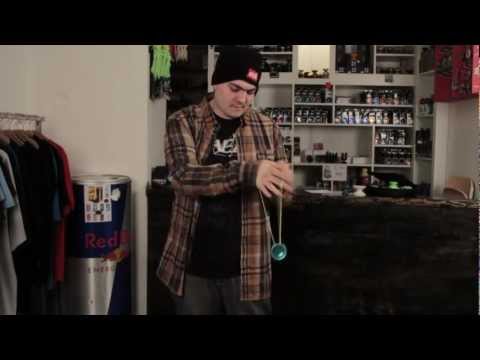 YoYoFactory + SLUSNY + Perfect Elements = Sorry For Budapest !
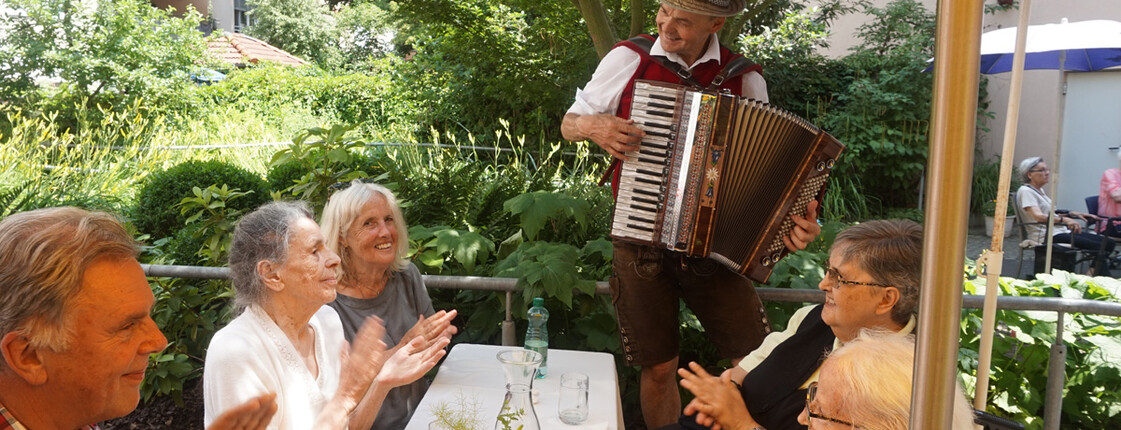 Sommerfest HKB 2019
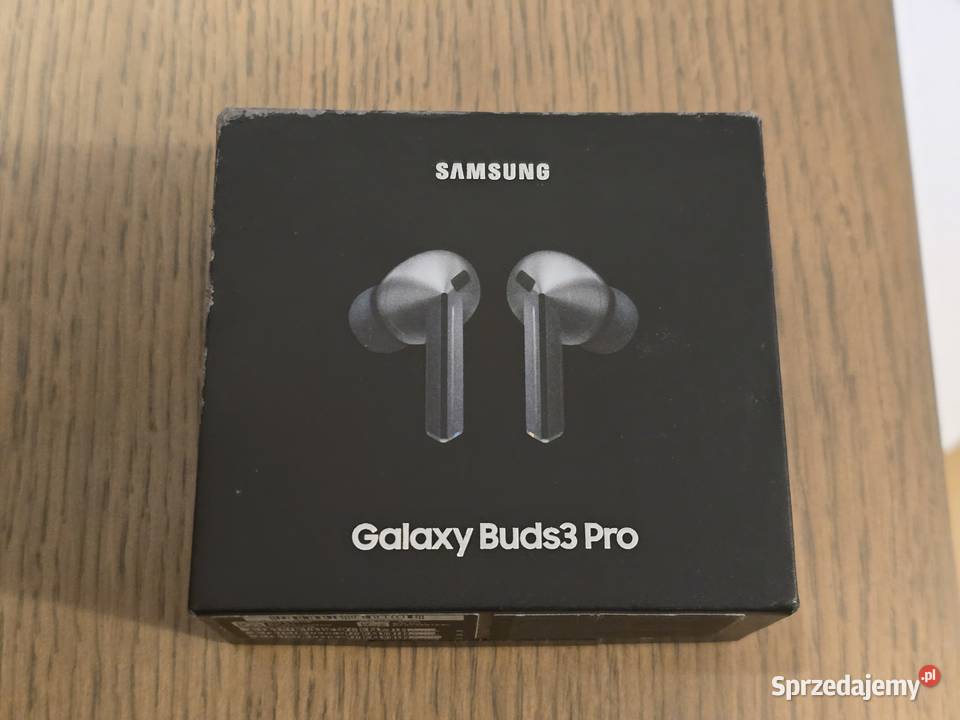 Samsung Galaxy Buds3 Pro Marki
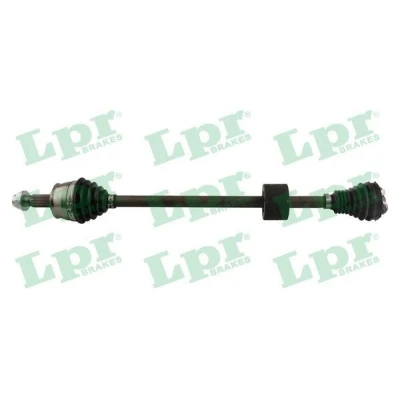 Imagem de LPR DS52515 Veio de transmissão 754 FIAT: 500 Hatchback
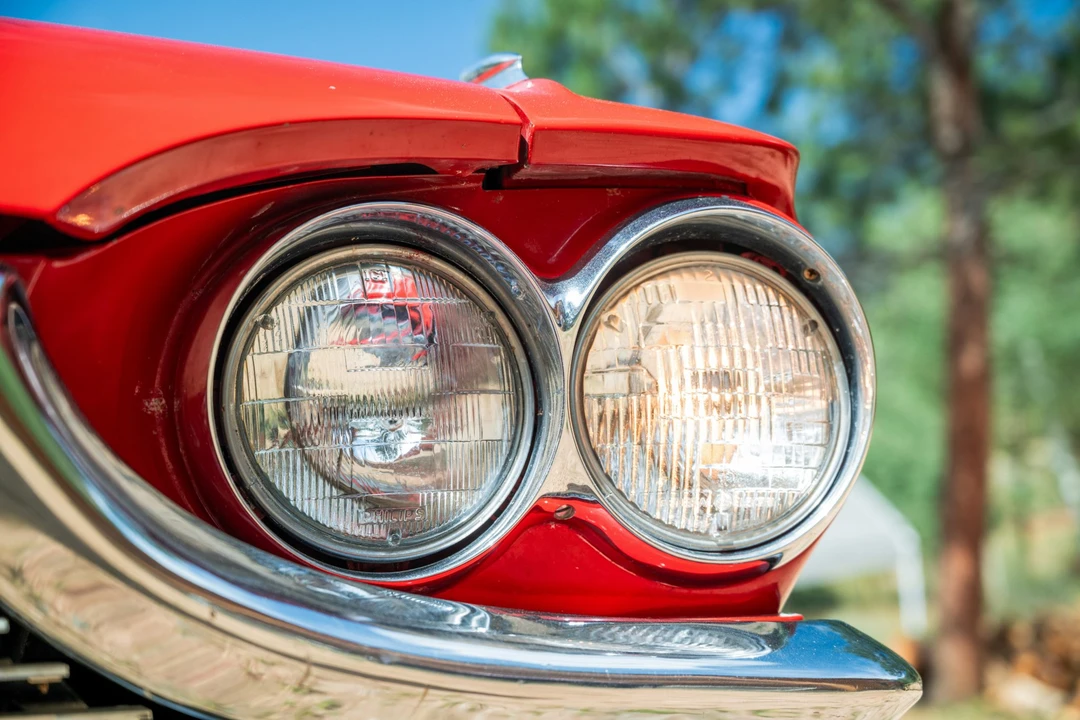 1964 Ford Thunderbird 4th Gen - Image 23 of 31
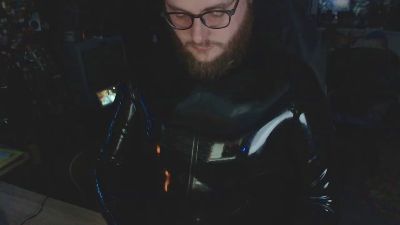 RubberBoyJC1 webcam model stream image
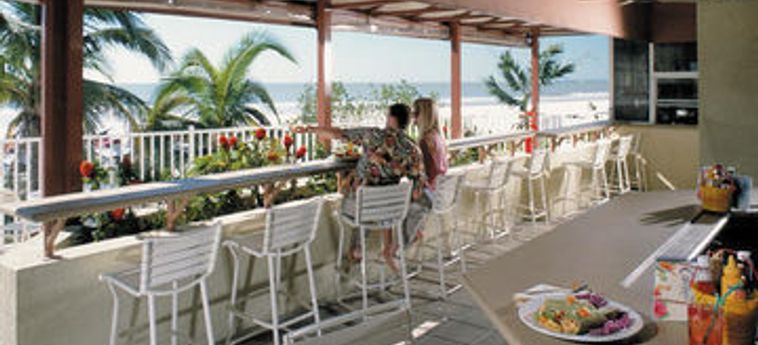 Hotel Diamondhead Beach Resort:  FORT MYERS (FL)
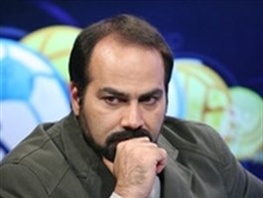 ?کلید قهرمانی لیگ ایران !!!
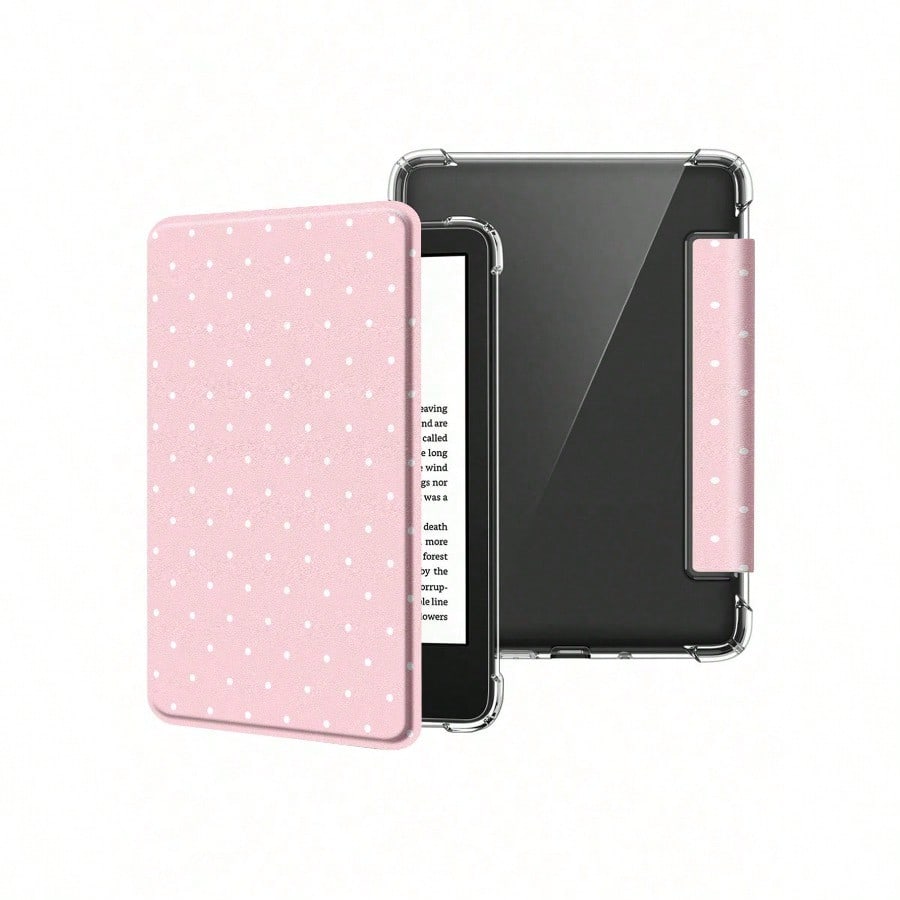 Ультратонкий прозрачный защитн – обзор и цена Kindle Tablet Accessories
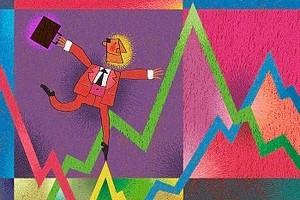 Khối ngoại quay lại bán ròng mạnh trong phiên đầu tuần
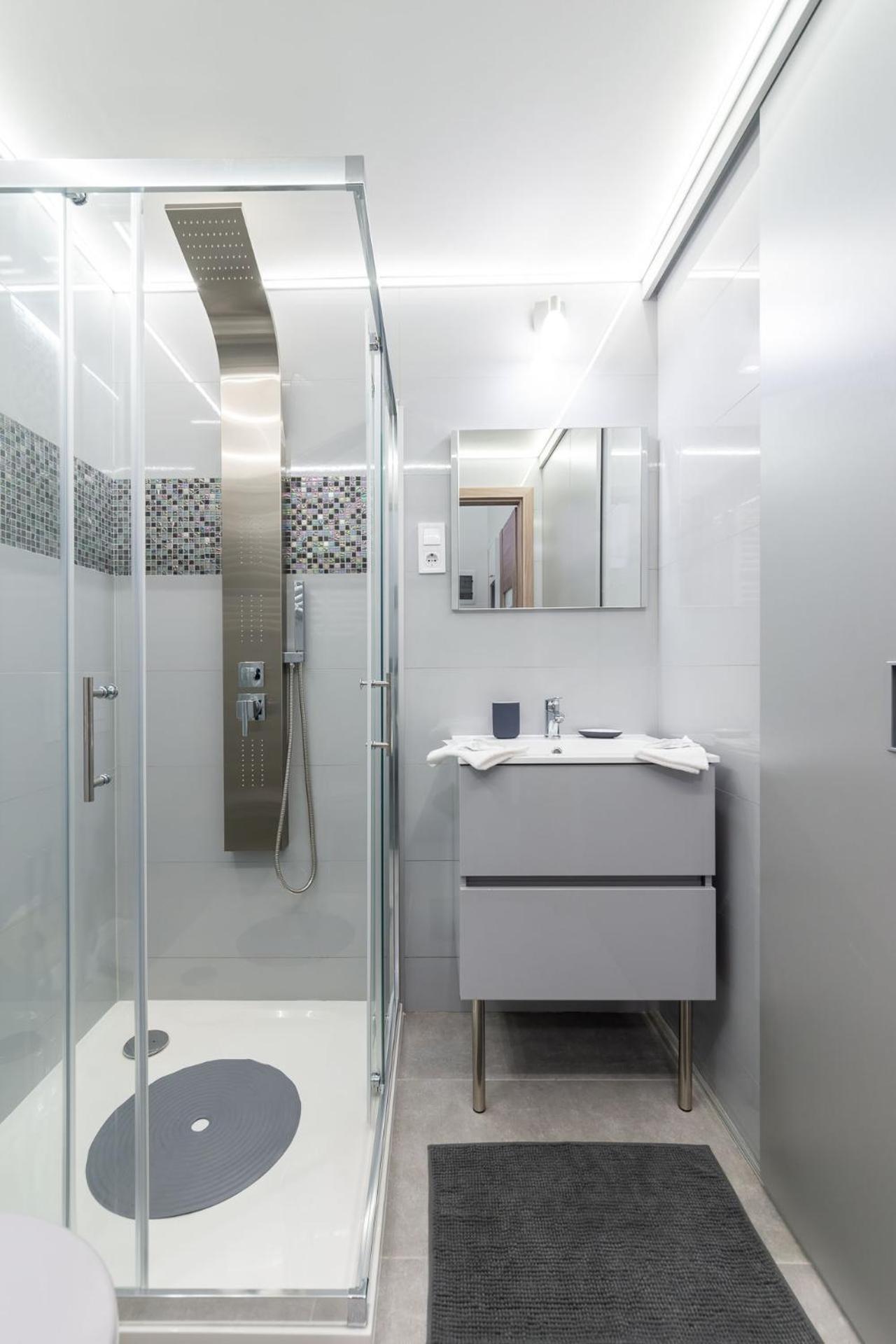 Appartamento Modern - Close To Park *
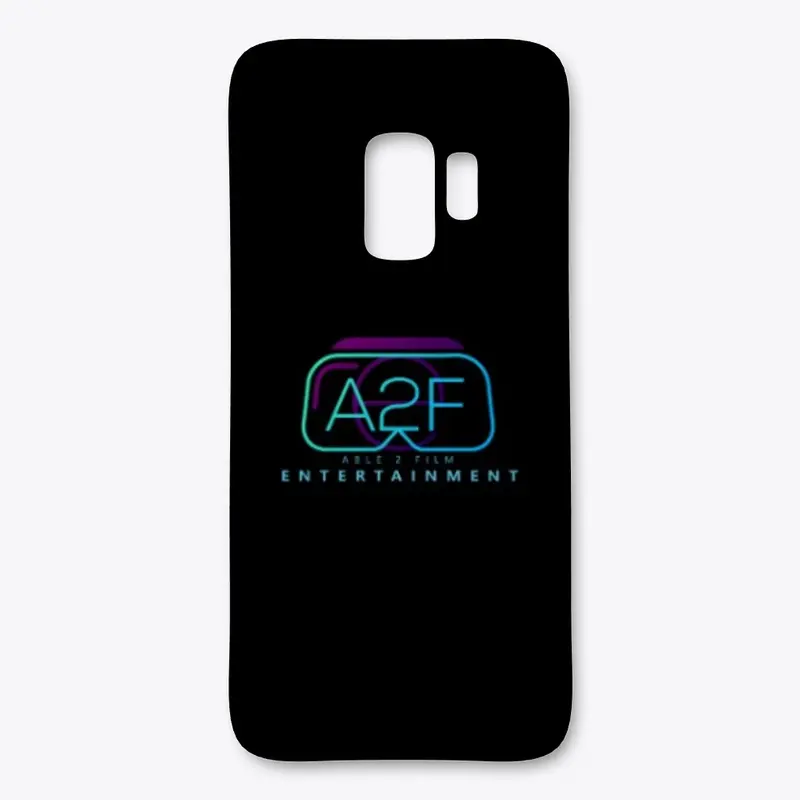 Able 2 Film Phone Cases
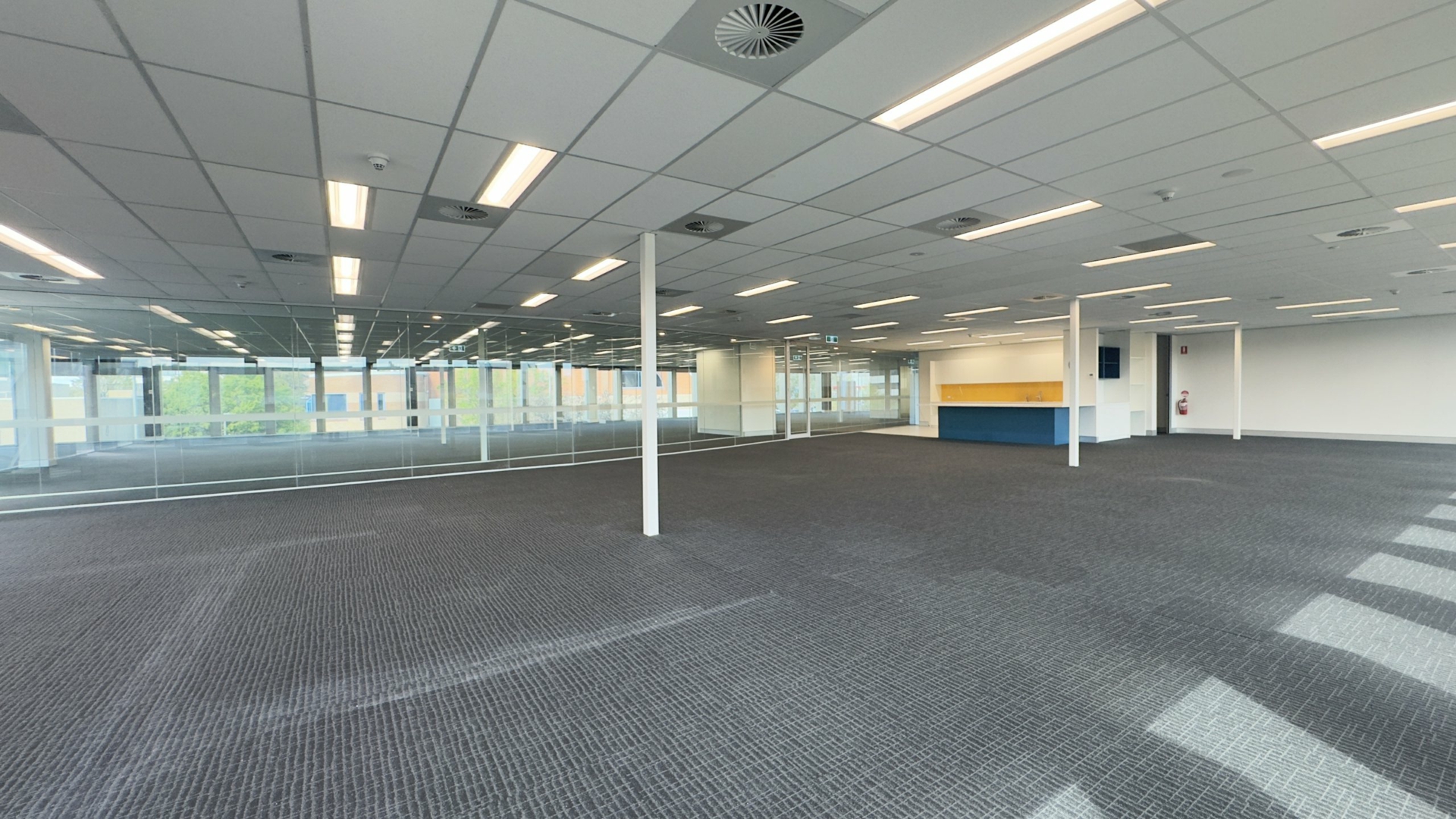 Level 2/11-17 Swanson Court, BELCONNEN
◇ ◇ ◇ ◇ ◇
Exercise: Omit the pictures, then output every record exactly as given.

Expected answer:
 YoYoFactory + SLUSNY + Perfect Elements = Sorry For Budapest !
 Sommerfest HKB 2019
 Samsung Galaxy Buds3 Pro Marki
 Imagem de LPR DS52515 Veio de transmissão 754 FIAT: 500 Hatchback
 1964 Ford Thunderbird 4th Gen - Image 23 of 31
 RubberBoyJC1 webcam model stream image
 Hotel Diamondhead Beach Resort:  FORT MYERS (FL)
 ?کلید قهرمانی لیگ ایران !!!
 Ультратонкий прозрачный защитн – обзор и цена Kindle Tablet Accessories
 Khối ngoại quay lại bán ròng mạnh trong phiên đầu tuần
 Appartamento Modern - Close To Park *
 Able 2 Film Phone Cases
 Level 2/11-17 Swanson Court, BELCONNEN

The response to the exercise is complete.